▶ Prompt
Could you transcribe every record below exactly, leaving out any pictures?

+++ Provided records

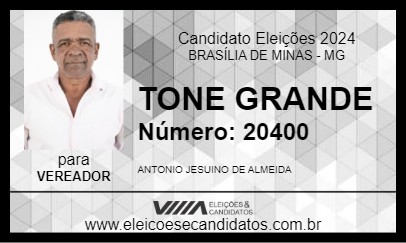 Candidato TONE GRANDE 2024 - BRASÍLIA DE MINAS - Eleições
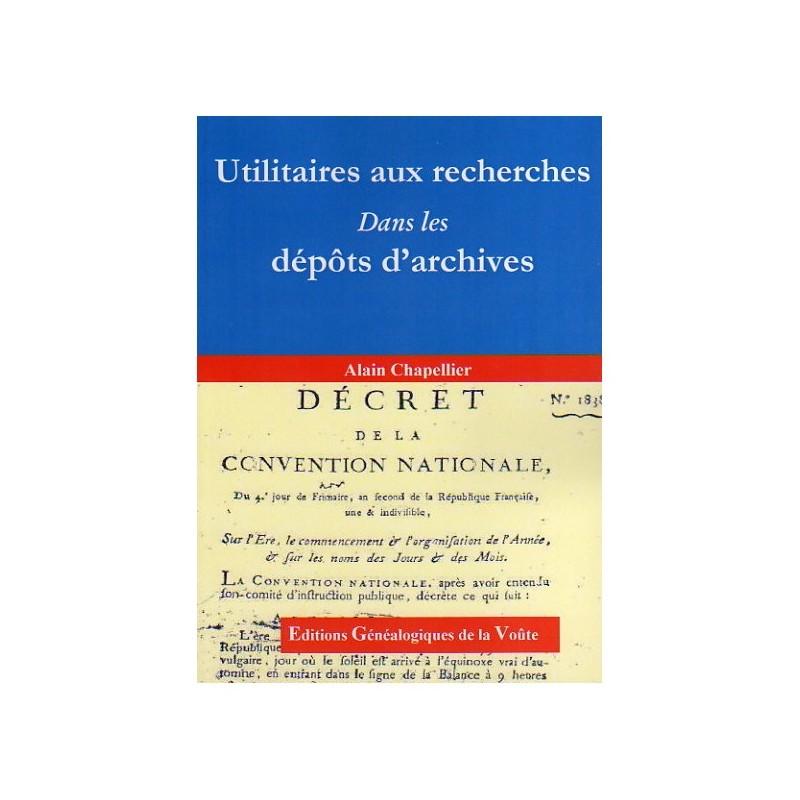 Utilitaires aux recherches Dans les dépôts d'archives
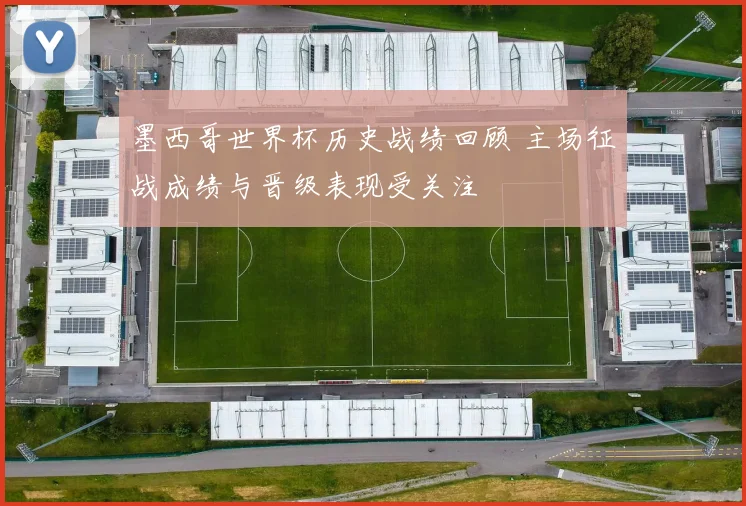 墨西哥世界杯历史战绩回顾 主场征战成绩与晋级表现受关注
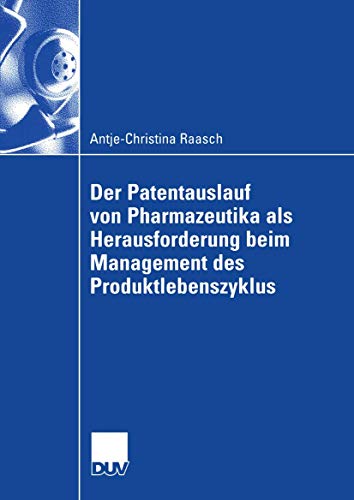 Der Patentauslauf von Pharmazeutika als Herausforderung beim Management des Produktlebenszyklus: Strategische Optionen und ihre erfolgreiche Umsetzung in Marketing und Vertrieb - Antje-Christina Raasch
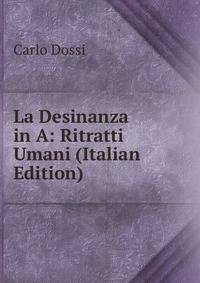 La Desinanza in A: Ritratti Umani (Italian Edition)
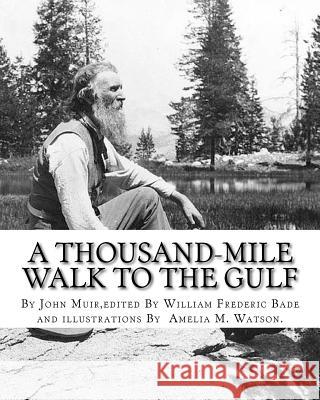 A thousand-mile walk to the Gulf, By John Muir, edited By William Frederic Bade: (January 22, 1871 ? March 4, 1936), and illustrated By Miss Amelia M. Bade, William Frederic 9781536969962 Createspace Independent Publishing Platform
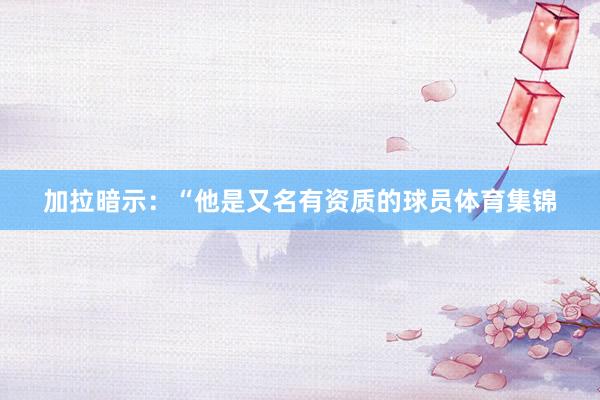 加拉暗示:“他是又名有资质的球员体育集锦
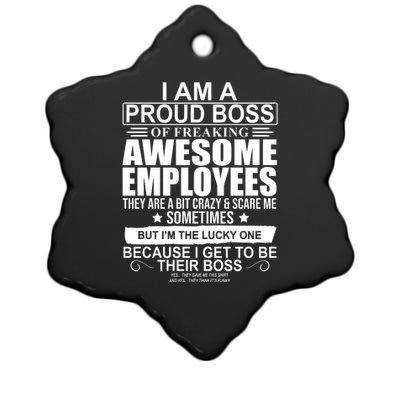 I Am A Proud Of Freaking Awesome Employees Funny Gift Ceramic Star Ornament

++++++

▶ Output of the task
 Candidato TONE GRANDE 2024 - BRASÍLIA DE MINAS - Eleições
 Utilitaires aux recherches Dans les dépôts d'archives
 墨西哥世界杯历史战绩回顾 主场征战成绩与晋级表现受关注
 Der Patentauslauf von Pharmazeutika als Herausforderung beim Management des Produktlebenszyklus: Strategische Optionen und ihre erfolgreiche Umsetzung in Marketing und Vertrieb - Antje-Christina Raasch
 La Desinanza in A: Ritratti Umani (Italian Edition)
 A thousand-mile walk to the Gulf, By John Muir, edited By William Frederic Bade: (January 22, 1871 ? March 4, 1936), and illustrated By Miss Amelia M. Bade, William Frederic 9781536969962 Createspace Independent Publishing Platform
 加拉暗示:“他是又名有资质的球员体育集锦
 I Am A Proud Of Freaking Awesome Employees Funny Gift Ceramic Star Ornament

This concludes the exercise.